Who the hell PLANS a divorce?
Reflection can be a curious exercise: while one can not change the past, one can certainly learn. And I am fighting these thoughts tooth and nail (whatever that means…I don’t get a lot of cliché’s but that’s another rant of a blog post). While my brain comprehends I can not change what transpired, it is my HEART which must come to fruition, accept what’s happened and move on.
Funny how one plans for a wedding, a funeral, bar mitzvah, an intimate dinner party. Although painful no matter what, how many years married, children or not, why must divorce be treated any differently when it comes to planning? Yeah, I know. My so-called plan involved distrust, ineffective communication, little hearing of the other, affairs, confessions, destruction and a helluva mixture of every level of pain imaginable. Not entirely what I had in mind. I am still here, weeding through my part of the grand assortment, the varieties of emotions. The time leading up to divorce, ridden with distrust, emotionally charged feelings…yes, can’t imagine why one would find planning such a thing so unpleasant. Truth be told: planning never hurts and it’s never too late for a new plan.
What Does Planning Mean?
Well, think about what an event coordinator does: gather information from their clients; wishes, needs, wants, etc. Upon this information, a process begins and each decision is constructed, executed and/or modified by original goals the client expressed.
Problem Planning a Divorce
Amongst various things involving divorce, one issue remains constant, an obstruction: this little glitch called EMOTION. Therein lies the reason, why divorce hurts so deeply. Too much fucking mess, too much self-centeredness, too much distrust. Not enough honesty, forthrightness, directness, maturity, conviction. Hindsight is just that, viewing life as it was yesterday. Planning, good planning takes time, diligence, perseverance until job is done. Strip away emotion and I believe this would eradicate much of the mess during a divorce.
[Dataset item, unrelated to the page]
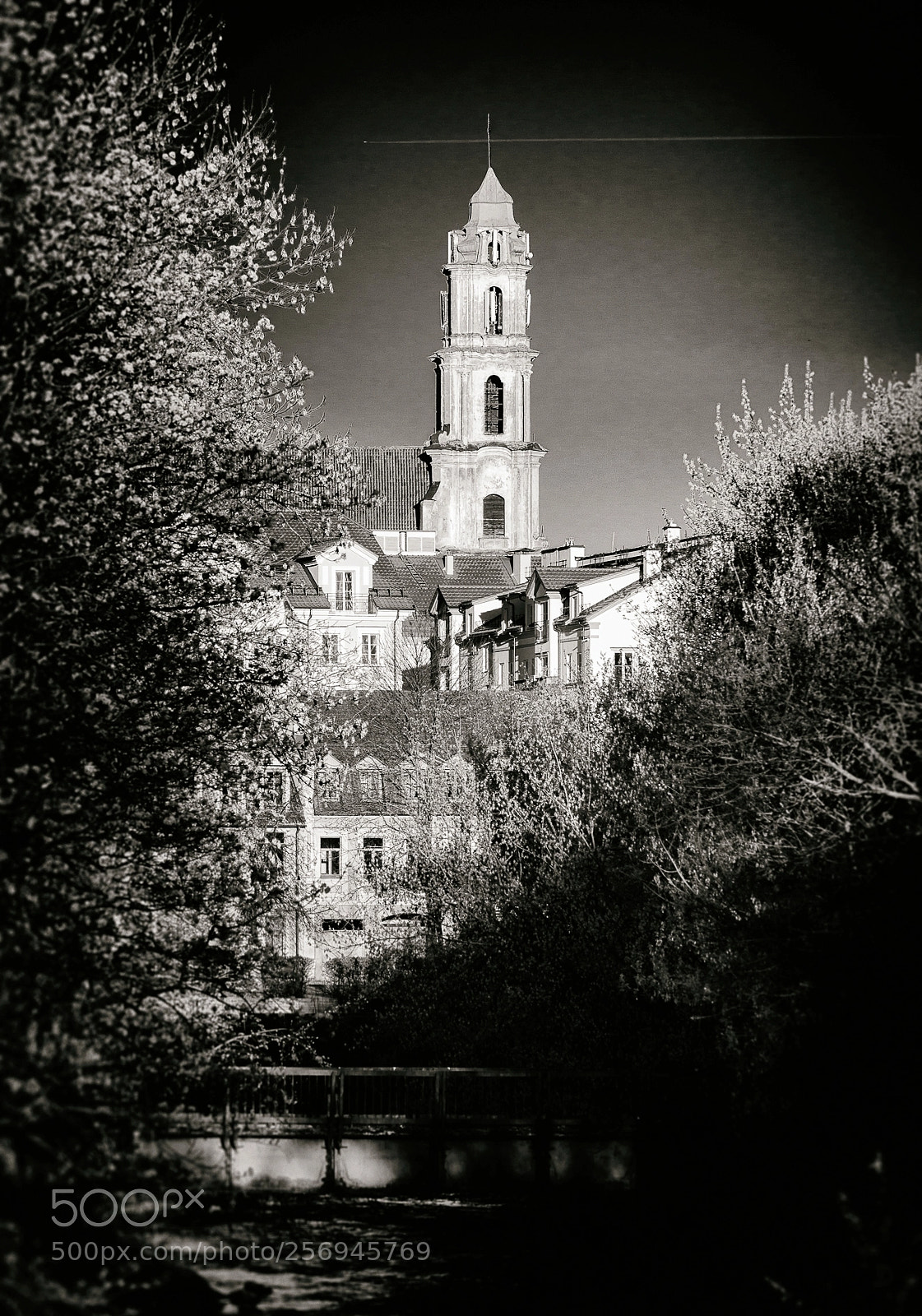 Nikon D610 sample photo. Edit photography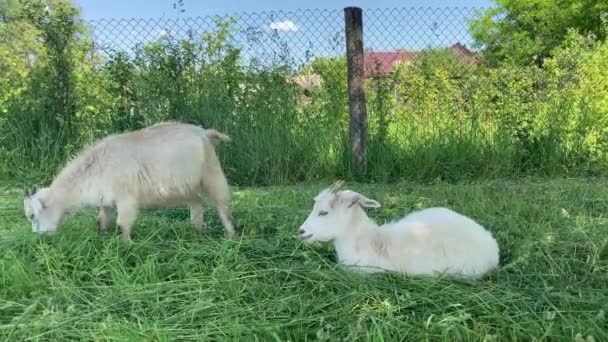 緑の牧草地で小さなヤギの放牧 緑の草を屋外で食べる動物 — ストック動画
But it is not easy, nor probable, yet a sensible thought.
It hurts me most to think of this, to think I was self-centered, the lack of insight staggering in many ways, as I am a person who pays attention. A good friend once told me we make our best decisions based onto what’s going on in our lives at that moment.” And at the time, I made decisions, albeit so very poor ones, based on nothing short of emotional recklessness. I knew I was unhappy, dissatisfied with my marriage. I knew I needed a change, needed to either change me or my situation. And I knew I loved my family unit like nothing else, my children had always come first in my life. Still, there was no plan moving forward. There wasn’t much room to navigate any plan through the emotional confines between us.
Accountability is not enough. I had affairs because I chose to have them. I was not emotionally together, but I knew what I was doing. And the fact I was very self-centered kills me. I knew better. If only’s, meaningless as they be, one thinks of them as a sort of distant sense of comfort; can not change the past, yet comforting to think of an alternate ending to a story.
If only I had spoken up.
If only I had expressed my unhappiness as a mature woman.
If only I had let go of all of my fear.
If only I had felt more conviction, more awareness of what I truly wanted from my marriage, or what I didn’t want.
If only I had thought of my girls, how my affairs would have affected them and their future.
Those contemplating divorce, there are choices to be made, decisions are difficult. With some time, reflection, planning, divorce does not need be so messy. Part of the planning involves knowing what one wants. That is paramount to every big decision made in one’s life. And to answer my question, if I had done what I write above, would my outcome be any different? Of course it would. That’s the paradox of planning a divorce: For as much as one can plan, there are no event planners for emotion. Creatures of emotion leaves little room for planning.
All said, there is always room for another plan, new ways of organizing one’s life. I am in the middle of doing so, trudging through the mess, the part of which I made. My girls, they had no doing in this, innocent participants. They were not part of this plan. But they are now. They are the center of my new plan, one which involves forgiveness, acceptance, peace and love. It involves a new-found sense of self-reliance, replacing self-centeredness. Hope replaces fear. Conviction over confusion. All part of my new plan, an event of solid proportions, unfolding, slowly over time.